◆ EXERCISE DIRECTIONS:
Your answer must be an exact copy of the records below, with every picture left out.

◆ DATASET RECORDS:
###
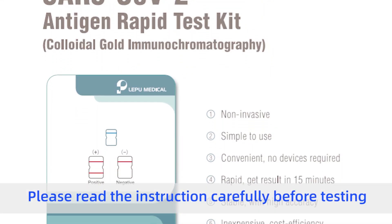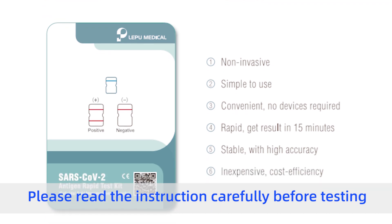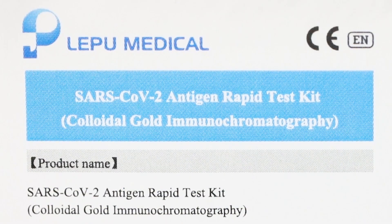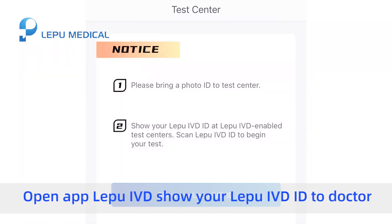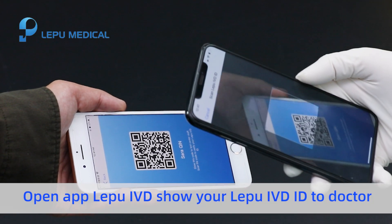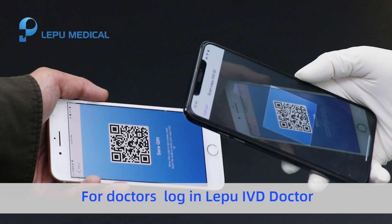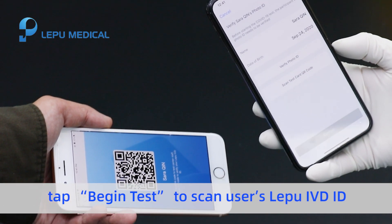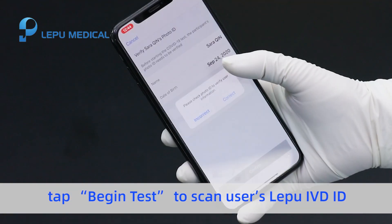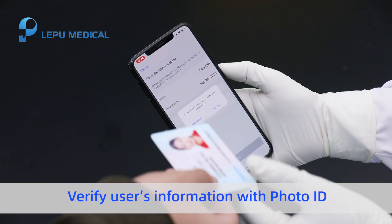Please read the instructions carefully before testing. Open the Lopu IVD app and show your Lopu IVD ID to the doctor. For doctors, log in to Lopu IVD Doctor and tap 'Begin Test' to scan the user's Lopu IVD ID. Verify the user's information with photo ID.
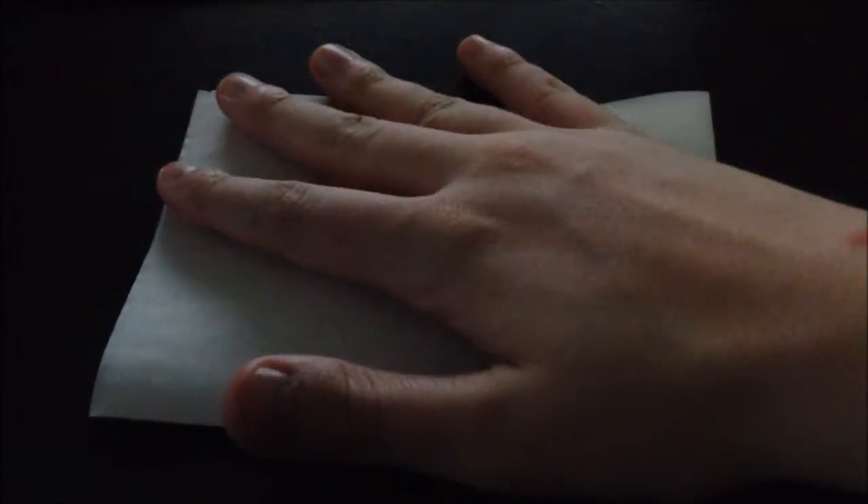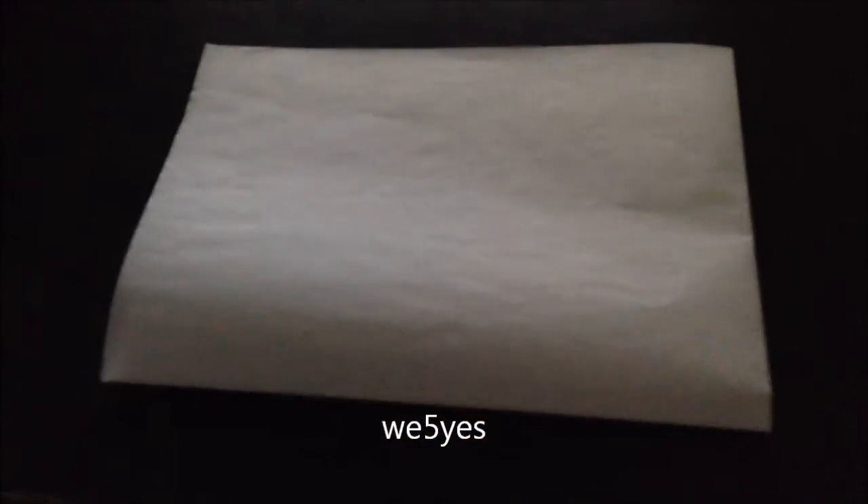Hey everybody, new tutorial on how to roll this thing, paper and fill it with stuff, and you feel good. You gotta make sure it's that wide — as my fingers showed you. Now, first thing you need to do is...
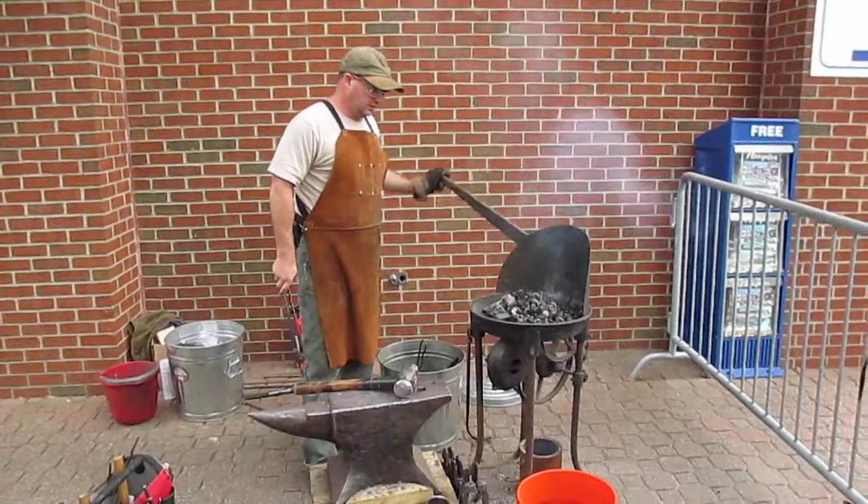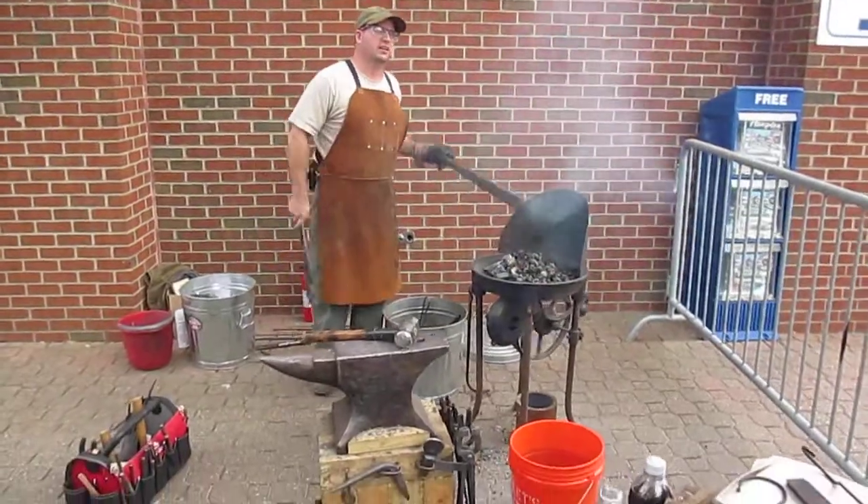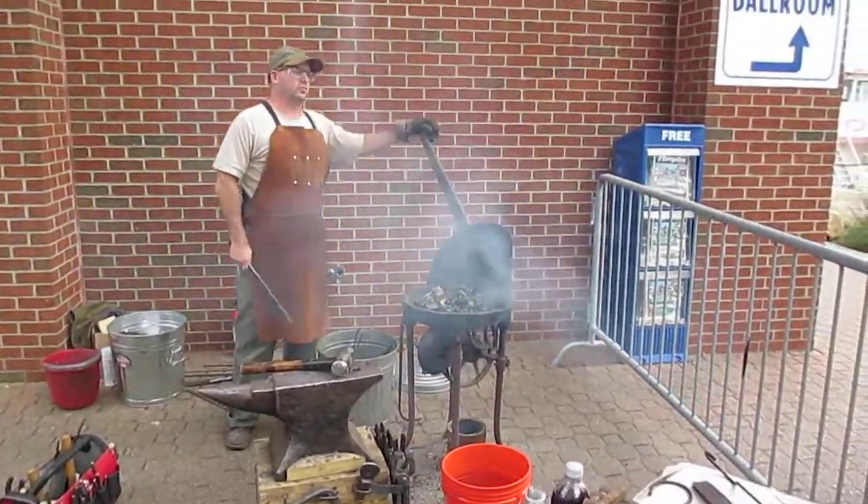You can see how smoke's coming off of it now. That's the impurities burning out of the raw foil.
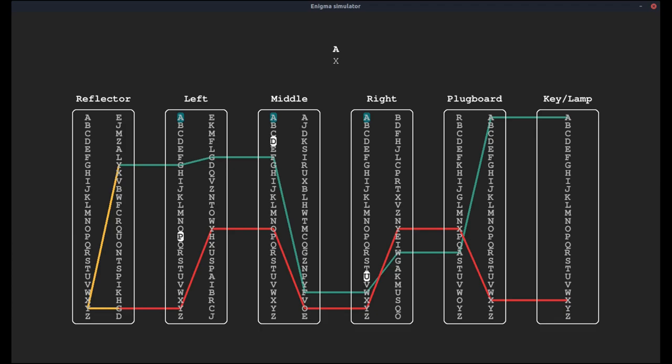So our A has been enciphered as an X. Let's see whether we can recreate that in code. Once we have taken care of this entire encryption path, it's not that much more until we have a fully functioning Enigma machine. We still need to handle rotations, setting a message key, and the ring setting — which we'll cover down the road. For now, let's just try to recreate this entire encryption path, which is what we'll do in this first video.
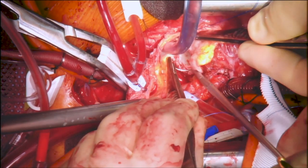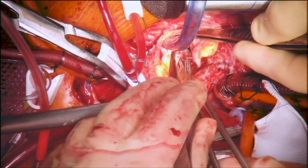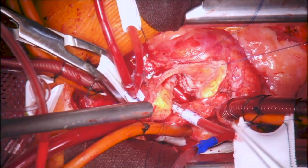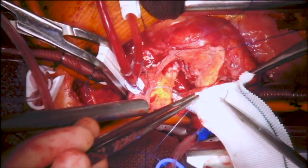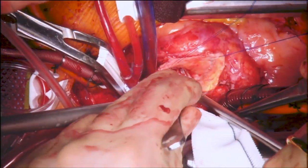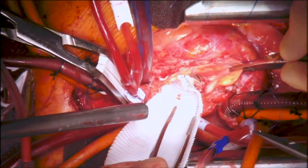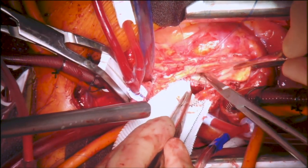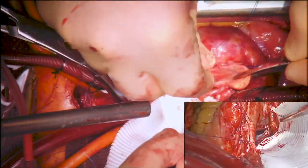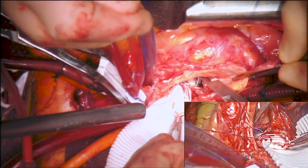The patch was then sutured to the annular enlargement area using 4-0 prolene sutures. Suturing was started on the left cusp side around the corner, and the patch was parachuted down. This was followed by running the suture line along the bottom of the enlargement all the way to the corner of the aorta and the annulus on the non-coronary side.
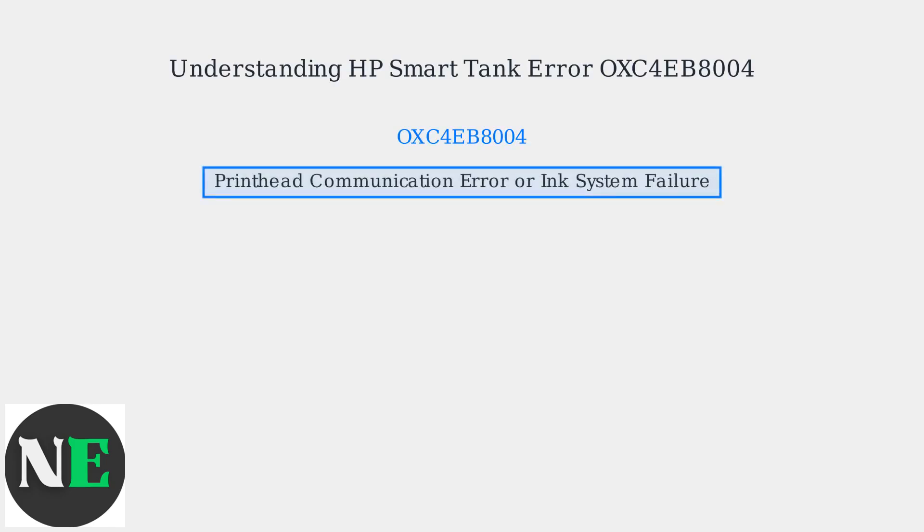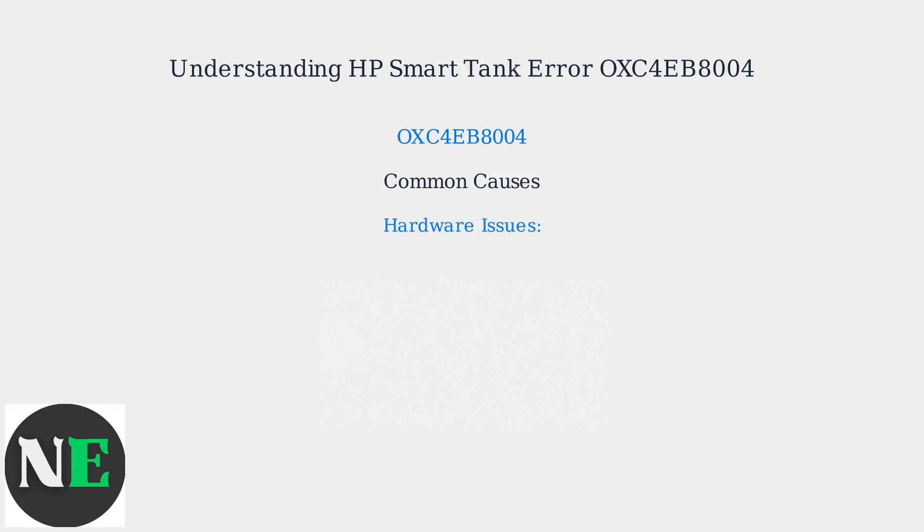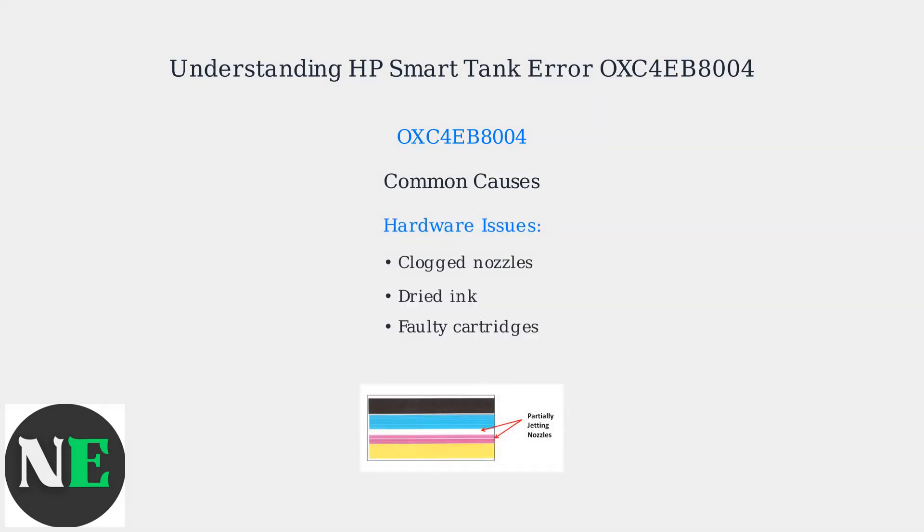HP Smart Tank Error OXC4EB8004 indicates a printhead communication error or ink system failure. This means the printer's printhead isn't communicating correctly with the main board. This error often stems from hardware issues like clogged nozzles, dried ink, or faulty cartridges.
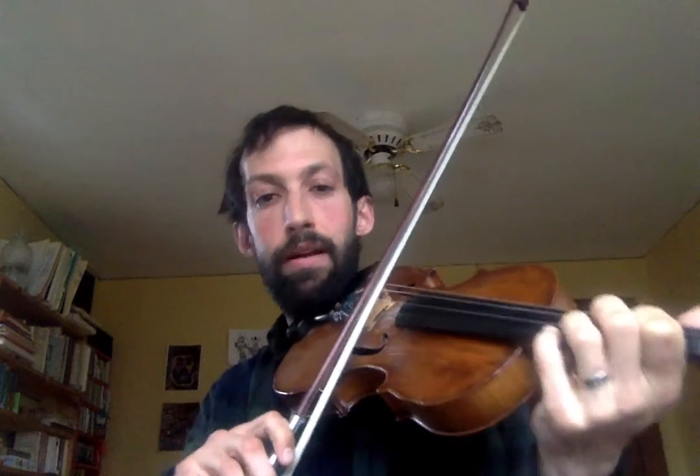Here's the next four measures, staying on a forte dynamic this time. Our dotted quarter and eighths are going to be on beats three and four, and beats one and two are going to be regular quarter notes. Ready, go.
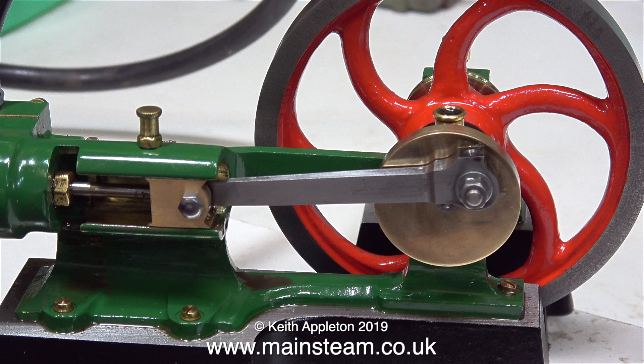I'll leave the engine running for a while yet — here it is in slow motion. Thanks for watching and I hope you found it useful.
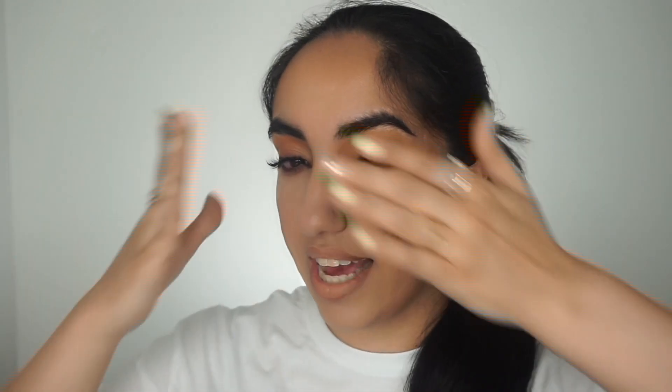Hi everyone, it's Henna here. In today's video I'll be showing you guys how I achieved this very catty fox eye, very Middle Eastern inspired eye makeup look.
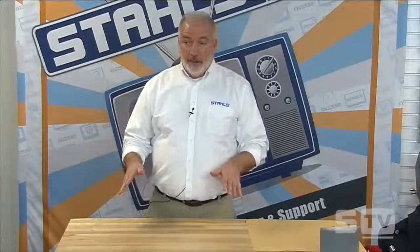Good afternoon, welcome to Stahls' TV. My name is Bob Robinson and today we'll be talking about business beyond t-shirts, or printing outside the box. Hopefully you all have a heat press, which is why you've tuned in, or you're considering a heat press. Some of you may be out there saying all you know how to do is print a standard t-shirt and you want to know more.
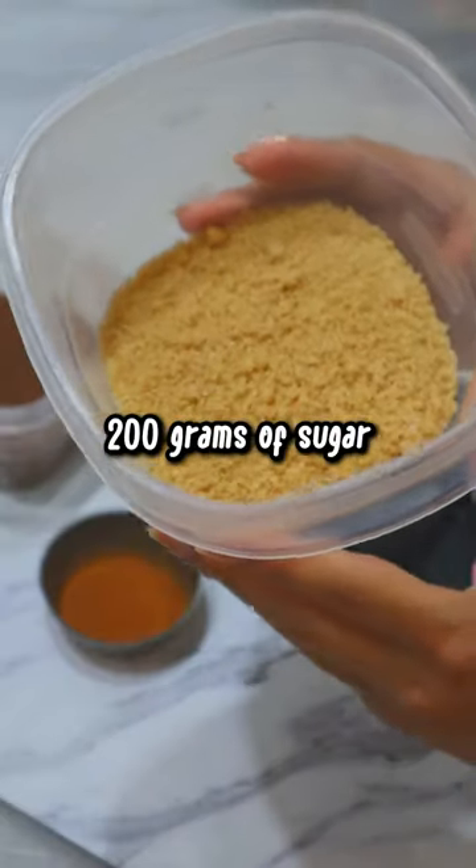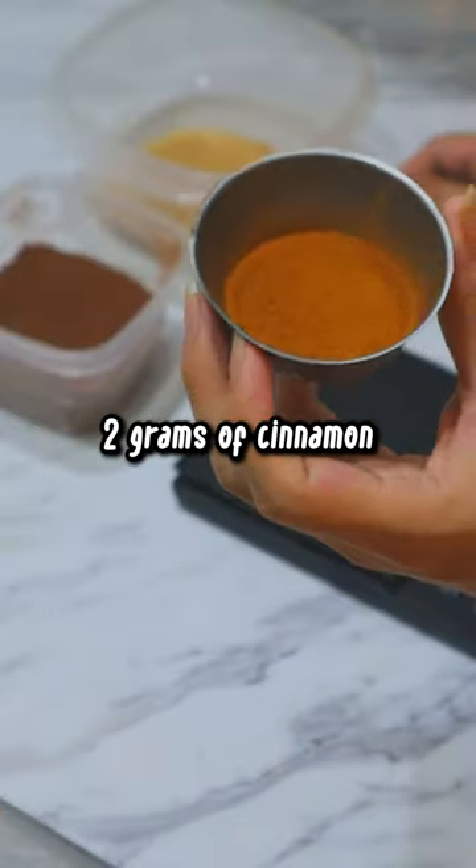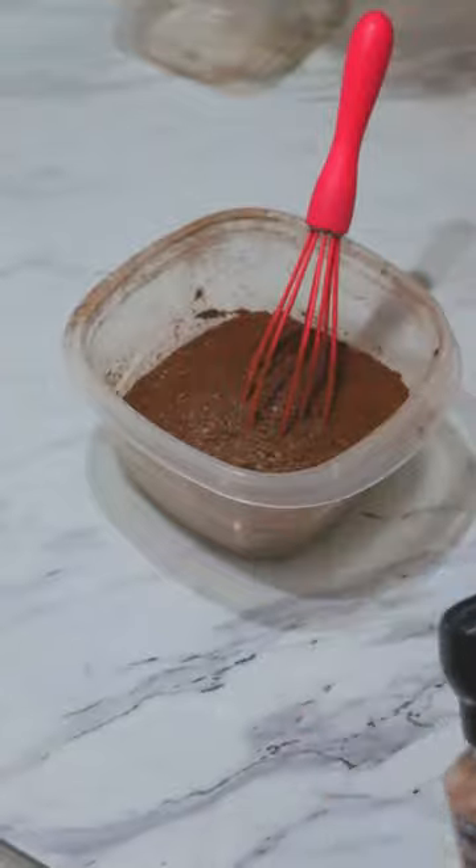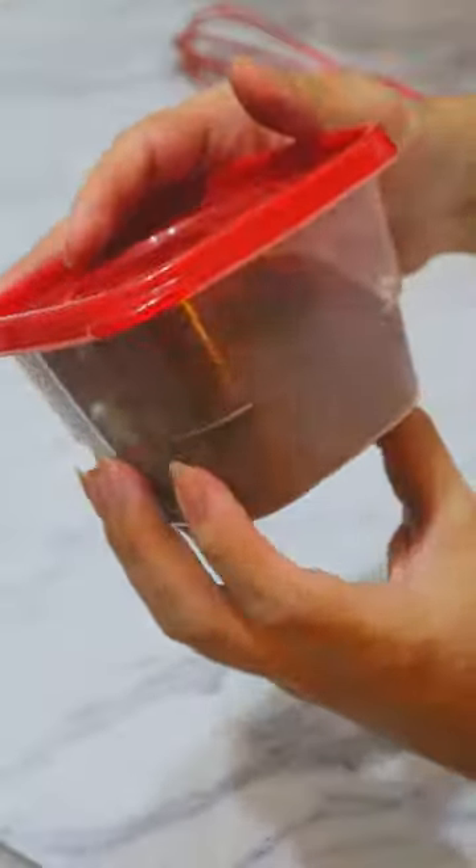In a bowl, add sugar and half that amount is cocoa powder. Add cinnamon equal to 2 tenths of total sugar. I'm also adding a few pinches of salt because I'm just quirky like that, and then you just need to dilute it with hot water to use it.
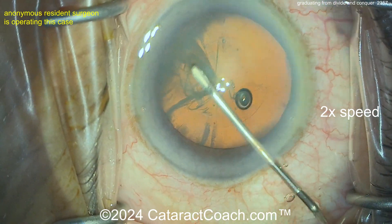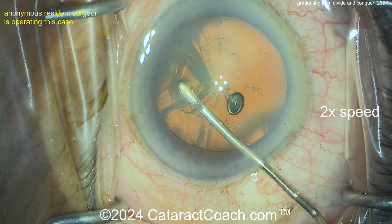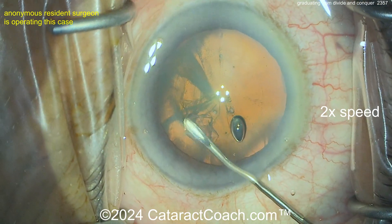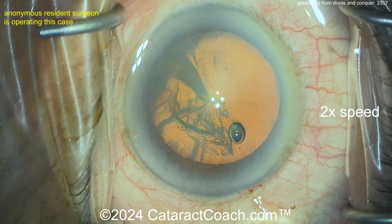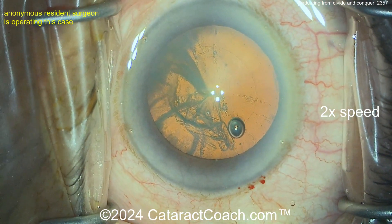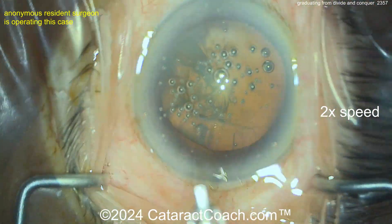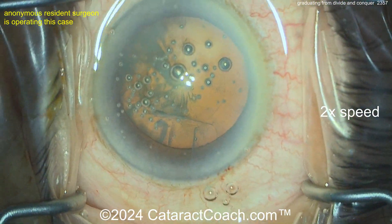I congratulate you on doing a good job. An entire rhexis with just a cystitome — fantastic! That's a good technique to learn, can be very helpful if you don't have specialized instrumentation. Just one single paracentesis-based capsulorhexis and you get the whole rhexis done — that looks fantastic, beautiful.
###
◆ RESPONSE AREA:
Please read the instructions carefully before testing. Open the Lopu IVD app and show your Lopu IVD ID to the doctor. For doctors, log in to Lopu IVD Doctor and tap 'Begin Test' to scan the user's Lopu IVD ID. Verify the user's information with photo ID.
Hey everybody, new tutorial on how to roll this thing, paper and fill it with stuff, and you feel good. You gotta make sure it's that wide — as my fingers showed you. Now, first thing you need to do is...
You can see how smoke's coming off of it now. That's the impurities burning out of the raw foil.
So our A has been enciphered as an X. Let's see whether we can recreate that in code. Once we have taken care of this entire encryption path, it's not that much more until we have a fully functioning Enigma machine. We still need to handle rotations, setting a message key, and the ring setting — which we'll cover down the road. For now, let's just try to recreate this entire encryption path, which is what we'll do in this first video.
The patch was then sutured to the annular enlargement area using 4-0 prolene sutures. Suturing was started on the left cusp side around the corner, and the patch was parachuted down. This was followed by running the suture line along the bottom of the enlargement all the way to the corner of the aorta and the annulus on the non-coronary side.
HP Smart Tank Error OXC4EB8004 indicates a printhead communication error or ink system failure. This means the printer's printhead isn't communicating correctly with the main board. This error often stems from hardware issues like clogged nozzles, dried ink, or faulty cartridges.
Here's the next four measures, staying on a forte dynamic this time. Our dotted quarter and eighths are going to be on beats three and four, and beats one and two are going to be regular quarter notes. Ready, go.
I'll leave the engine running for a while yet — here it is in slow motion. Thanks for watching and I hope you found it useful.
Hi everyone, it's Henna here. In today's video I'll be showing you guys how I achieved this very catty fox eye, very Middle Eastern inspired eye makeup look.
Good afternoon, welcome to Stahls' TV. My name is Bob Robinson and today we'll be talking about business beyond t-shirts, or printing outside the box. Hopefully you all have a heat press, which is why you've tuned in, or you're considering a heat press. Some of you may be out there saying all you know how to do is print a standard t-shirt and you want to know more.
In a bowl, add sugar and half that amount is cocoa powder. Add cinnamon equal to 2 tenths of total sugar. I'm also adding a few pinches of salt because I'm just quirky like that, and then you just need to dilute it with hot water to use it.
I congratulate you on doing a good job. An entire rhexis with just a cystitome — fantastic! That's a good technique to learn, can be very helpful if you don't have specialized instrumentation. Just one single paracentesis-based capsulorhexis and you get the whole rhexis done — that looks fantastic, beautiful.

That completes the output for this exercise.